Мы остаёмся жить - стр. 49
Даже сокрушительные поражения – всегда приводили к изменениям, ради которых стоило идти до конца.
Я долго мог ещё вдохновляться этими мыслями. Но один человек из толпы, который не прошел мимо и остановился прямо напротив моего окна – заставил меня резко переключиться на другую тональность. Я не стал терять времени и осторожно вылез из окна, спрыгнув вниз на землю со второго этажа. Этому особому человеку пришлось аж оторопеть от неожиданности, когда я спустя всего секунду уже крепко сжимал того в объятиях.
– Ну и день сегодня задался! Столько знакомых лиц. А ты-то какими судьбами здесь?
Я щедро дал ему три секунды прийти в себя после встречи со мной.
– Поверь, тебя я рад видеть не меньше. Но это ведь не повод ломать мне все рёбра! Да чтоб ты знал: я был здесь с самых первых дней восстания – я сам был одним из тех героев, которые схватили генералов-преступников. Ты знал, что они отдали приказ стрелять в женщин и детей?! Надеюсь, оба они сейчас горят в Аду.
Всё это он сказал на немецком – языке, которому как можно реже стоило звучать на этих улицах. Польский генерала Домбровский – ещё куда ни шло; но вот немецкий, когда со дня позорной капитуляции Франции в войне с Пруссией не прошло и года… Впрочем, я никогда не сомневался в безрассудстве Фридриха – хорошо хоть его не хватило на участие в лихой франко-прусской войне.
– Перестань. Говори на французском, если тебе дороги целые руки и ноги. Забыл, куда попал.

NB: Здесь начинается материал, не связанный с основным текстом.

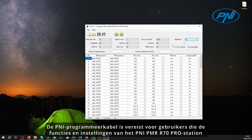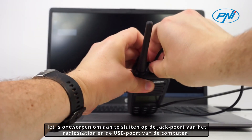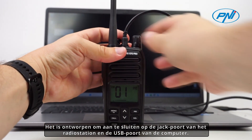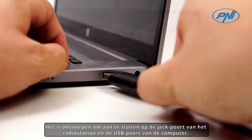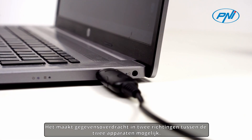The Penny programming cable is required by users who want to customize the functions and settings of the Penny PMR R70 Pro station according to their specific needs. It is designed to connect to the jack port of the radio station and the USB port of the computer, allowing two-way data transfer between the two devices.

– Не дрейфь, дружок, – с пафосом просвистел он на местном наречии, – этот язык – мой второй родной. Но мы с тобой – немцы – можем, где угодно говорить на своём языке.

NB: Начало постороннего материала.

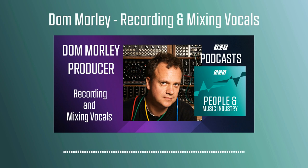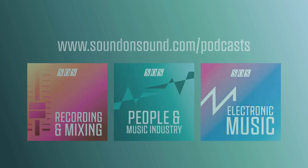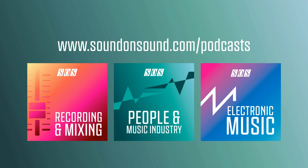Sounds like a brilliant service and one that I wish had been around when I was starting out. Thanks ever so much, Dom — it's been great talking to you. Well, thanks for having me, it's been a pleasure. Producer and engineer Dom Morley was my guest on this episode of the Sound on Sound People and Music Industry podcast. If you'd like to know more about Dom, you can visit themixconsultancy.com and be sure to check out the show notes page for this episode where you'll find further information along with web links and details of all the other episodes.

Да, для Домбровского я поляк, а для Фридриха немец; для Жоржа и Марии я, конечно же, француз. Слишком сложно будет объяснить им все тонкости моей проблемы с самоидентификацией.

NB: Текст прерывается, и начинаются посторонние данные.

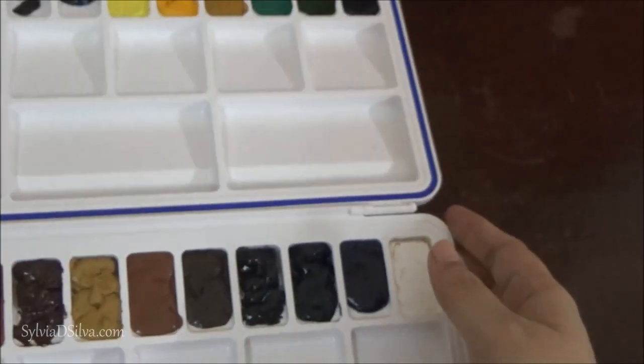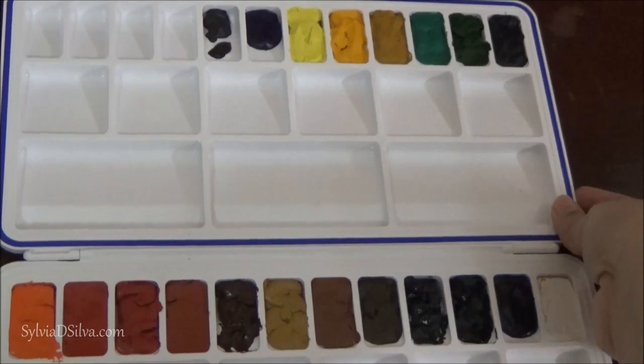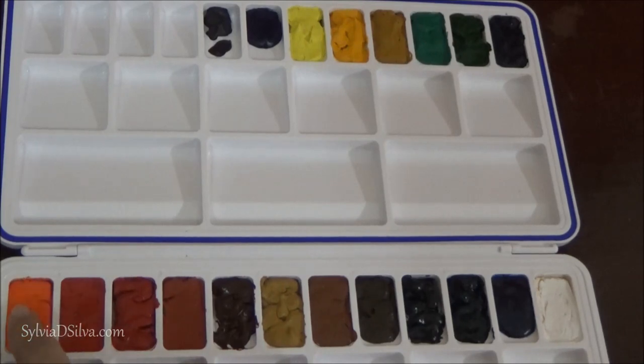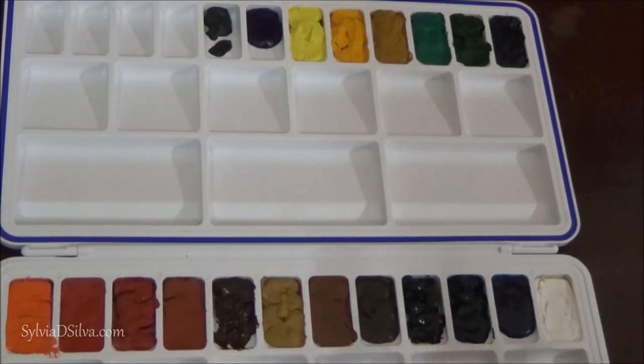Even after it cracks, let it stay for at least a week, then you can close it. Every single time you use it, let it dry for a day before closing the palette. When you use your paints, that part will be wet — just make sure it dries before closing. When you set up a palette, make sure the entire thing is dry, not just the top. That's why I recommend leaving it out for at least two weeks, open under a wind source like a fan.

Фридрих тем временем осмотрел меня с головы до ног:
– А ты нисколько не изменился – за столько лет-то.
– Молодой дух – не стареет никогда.
Я улыбнулся и покачал головой:
– Куда ни погляди: в Париже кругом одни приезжие и иностранцы, будто для них был построен этот великий город и именно им выбирать его судьбу. Именно нам с тобой – и не важно, на каком языке мы будем это делать.
По необъяснимым причинам мы засмеялись друг для друга и натянули на себя улыбки, обращаясь ими к Парижу и ко всему миру в целом.
– Пойдём, я покажу тебе одну кофейню, – сказал ему я и добавил, – впрочем, ты и так, наверное, знаешь, про что я. Все якобинцы, анархисты и противники власти с шестьдесят восьмого года встречаются и проводят свои собрания именно там.
Кофейня «Утомлённое солнце» – мы оба прекрасно знали, что означают эти слова.
– Да что ты…
– Ты обязательно должен её увидеть.
Кофейня находилась на несколько улиц левее от Латинского квартала – совсем неподалёку от богатых районов, но и не отдаляясь от бедных.
В былые времена художники и ораторы могли встречаться здесь и обсуждать последние новости, свободно высказывать своё мнение и не опасаться жандармов, в любой миг грозивших вломиться в эти двери. В те прекрасные месяцы кофейня была главным храмом и штаб-квартирой подпольной оппозиции. Но теперь, когда давняя мечта о новой революции свершилась, почти все завсегдатаи кофейни переехали в городскую мэрию и их места заняли пьяницы и гуляки.
Несмотря ни на что, народу в кофейне было больше, чем когда-либо; хозяин и несколько официантов едва успевали разносить заказы. И если раньше здесь было шумно, то теперь – гам стоял такой, что невозможно было услышать даже собственные мысли.